One of the points that got me thinking about this issue is the claim that the New Testament does not expressly command tithing, therefore it ought not be retained. This argument that there is no explicit New Testament command to tithe was coming off as another application of the same argument invalidly used (in my mind, with all due respect) by Baptists when they argue against pedobaptism. It did not sit well with me to hear pedobaptists using this line of reasoning. So the question is raised in my mind as to just what it is about the New Testament that abrogates the practice of tithing?

There are New Testament Scriptures abrogating everything from sacrificing animals (Hebrews 10:9) to eating unclean animals (Acts 10:9-16); but nothing was surfacing as I searched the Scriptures in my mind that explicitly abrogates the principle of giving ten percent of one’s income to the church. In my mind, this pointed to the perpetuity of tithing as a New Covenant principle.

So that’s what helped me think to scrutinize the Abram/Melchizedek tithing account. How does the New Testament treat this passage? Does its treatment affect the tithing question? Simple answers:

The New Testament treats the Abram/ Melchizedek tithing account as a type fulfilled by Christ. The very same New Testament book which gives the apostolic interpretation also warns us against reinstating Christ-fulfilled types and shadows. So if the account of Abram tithing to Melchizedek typifies the superiority of Christ to the Levitical priesthood, then this Old Testament passage is irrelevant to the question of giving in Christian worship. Therefore, I conclude that the New Testament treatment of that Old Testament account does affect the tithing question by taking this event off the table as a passage to be considered in the context of Christian giving. To do so would be tantamount to returning to Old Testament types and shadows.

Therefore, it is not a misguided baptistic argument to say that New Covenant believers don’t tithe because the new Testament doesn’t command us to tithe but does command us to give cheerfully that which we purpose in our hearts to give as we have been blessed. This is an offering made in the context of New Covenant worship that is pleasing to the Lord!

An IFB associate pastor friend of mine counters this argument with the principle, “There is one interpretation, but there are many applications,” as justification to take this passage about how much greater Christ is than Levi and apply it to the doctrines of giving in New Covenant worship. While it may be true that there are (at least some of them) many applications, those applications are accountable to the one interpretation, rightly exegeted. Does the application of the Abram/Melchizedek type to “Christian tithing” meet this exegetical standard?

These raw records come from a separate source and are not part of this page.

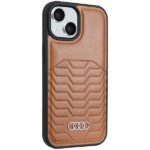 Audi Synthetic Leather MagSafe iPhone 15 / 14 / 13 6.1" brown hardcase AU-TPUPCMIP15-GT/D3-BN - imagine 6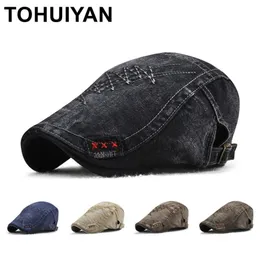 Tohuiyan sboy czapki dla mężczyzn vintage bawełniany kierowca Boina Duckbill Hats Baker Boy Classic Beret Male Flat 201216328D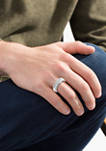 Mens 1.5 ct. t.w. Square-Cut Diamond Ring in 14K White Gold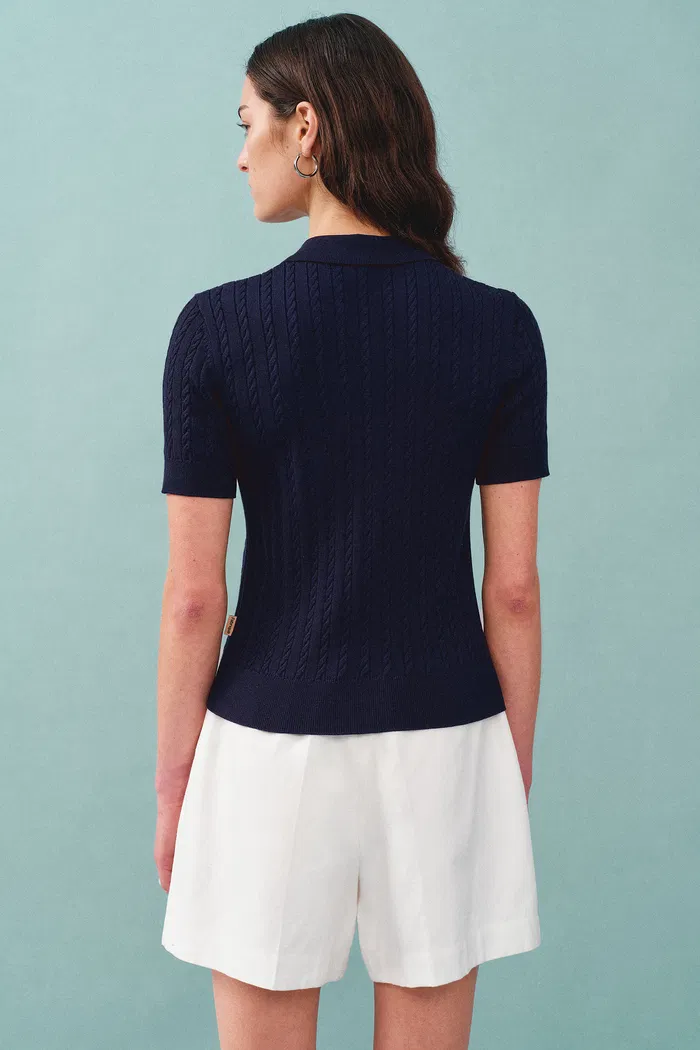 Gracia Blue Polo Top in High Stretch Cable Knit - Image 5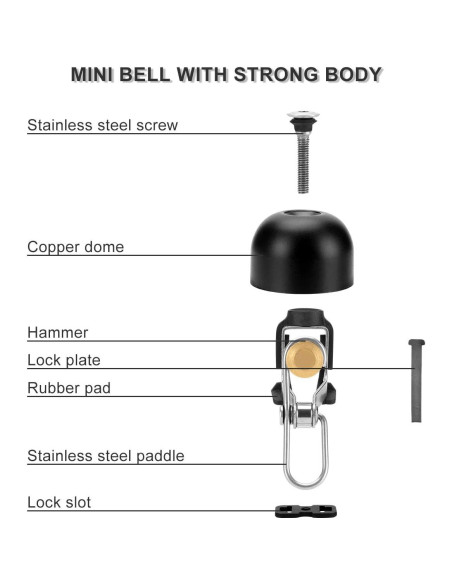 Campana de Bicicleta ROCKBROS Clásica Sonido Fuerte 47g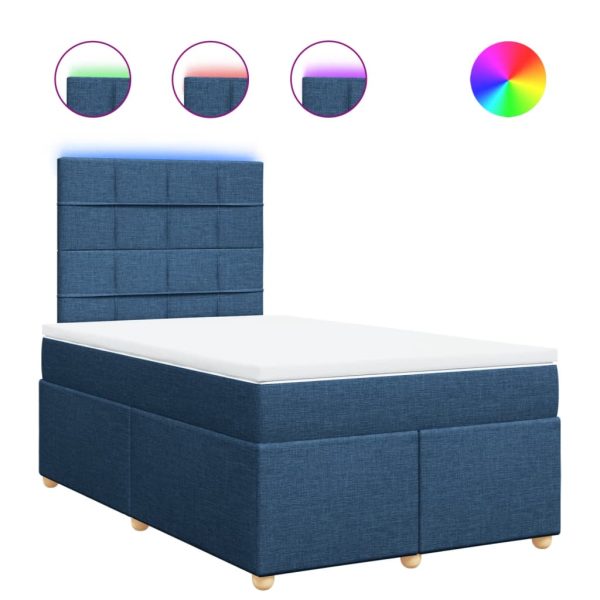 Pat box spring cu saltea, albastru, 120×190 cm, material textil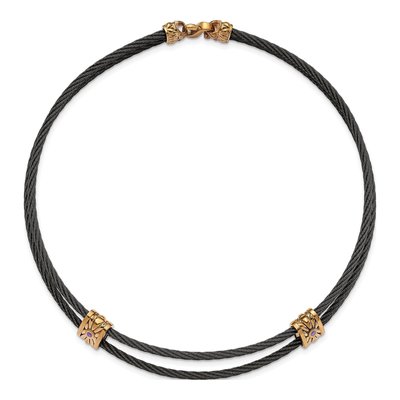 Titanium Amethyst Bronze Necklace – view 6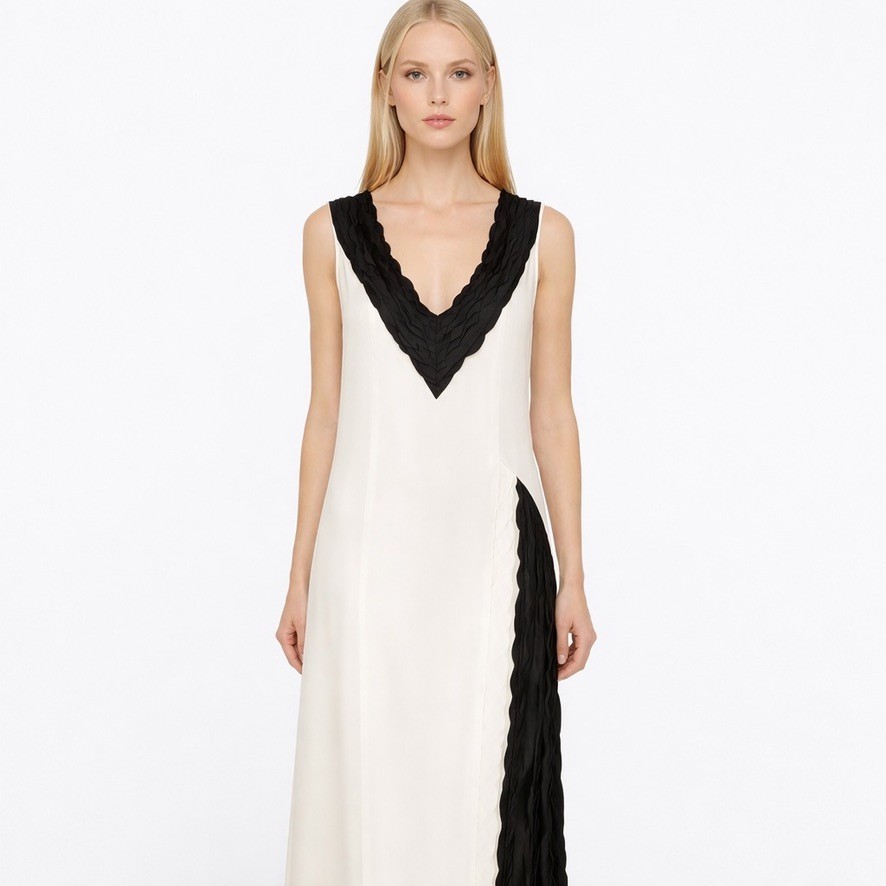 BEVZA Cream & Black Braid Trim Kvitka Maxi Gown Viscose Sleeveless Dress size XS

Kingdom Coffers: "Flat Tax" or "Love Offering"? Part 1

I think the controversy between Paul and the Judaizers in Galatia and the subsequent church council may be relevant to the question of how biblical the concept and practice of tithing is. As we all know, the apostles who actually walked and talked with Jesus during his earthly ministry stuck around Jerusalem and did little in the way of what Jesus said they’d do in Acts 1:8 as far as being his witness not only in Jerusalem and Judea, but then to move over to preach to the Samaritans and then extend the preaching of Christ to the “uttermost parts of the earth.” It took the providence of God through the unpleasant means of persecution at the hands of, among other Jewish leaders, one Saul of Tarsus. This persecution chased the First Church of Jerusalem to begin “planting” churches in Gentile lands for the sake of their very skins (after all, “The blood of the martyrs is the seed of the church.”). Then, as he was on his way to Damascus to continue persecuting Christians, Saul is confronted by, and converted to, the very one he was ultimately persecuting, the Lord Jesus Christ (Acts 9:1-6). In this event, the Lord informs Paul of his plan to send him to preach the gospel to the Gentiles (Acts 26:16-17). Among the churches born out of this foundational missionary work came the churches of Galatia.
These Galatian churches are the ones which were plagued by the Judaizing heresy, in which Gentile Christians were taught by their elder Jewish Christian brethren, that now that they were following the Jewish Messiah, they needed to take things a step further and begin receiving the sign of the Mosaic covenant (circumcision). The Judaizers became so influential that even the apostle Peter was motivated to endorse their dangerous emphasis (Galatians 2:11-14). This is what sparked the controversy. Paul confronted Peter about how they shouldn’t be teaching Gentiles to incorporate the types and shadows of the Mosaic Law into their faith and practice, because this tendency is compromising the gospel, and endangering the eternal souls of Gentile professing believers. The controversy became so significant that the apostles decided to deliberate about this issue in what we now know as the Jerusalem church council. This apostolic council’s conclusions are recorded in Acts 15. Considering just what, if any, practices based on the civil, ceremonial and dietary laws of Israel ought to, or can profitably, be imposed on Gentile Christian converts, they resolved to reduce the burden to four things, three dealt with food (Acts 15:29), its preparation and its relevance to unbelieving religious customs, and one issue relevant to the purity of the New Testament temple of the Holy Spririt (sexual immorality, cf. 1 Corinthians 6:12-20). Notice, here, what Mosaic Covenant practices are not included. The one that applies to this writing is the laws regarding the tithe (Numbers 18:24-28). The apostles thought about it, and decided (in so many words) that, among other things, they didn’t need to teach Gentile Christians to give specifically (or even at least) ten percent of their produce or income in whatever form it may exist.
But the question may be raised: did the tithe not predate the Law, since Abram tithed to Melchizedek? We’ll examine this issue next time.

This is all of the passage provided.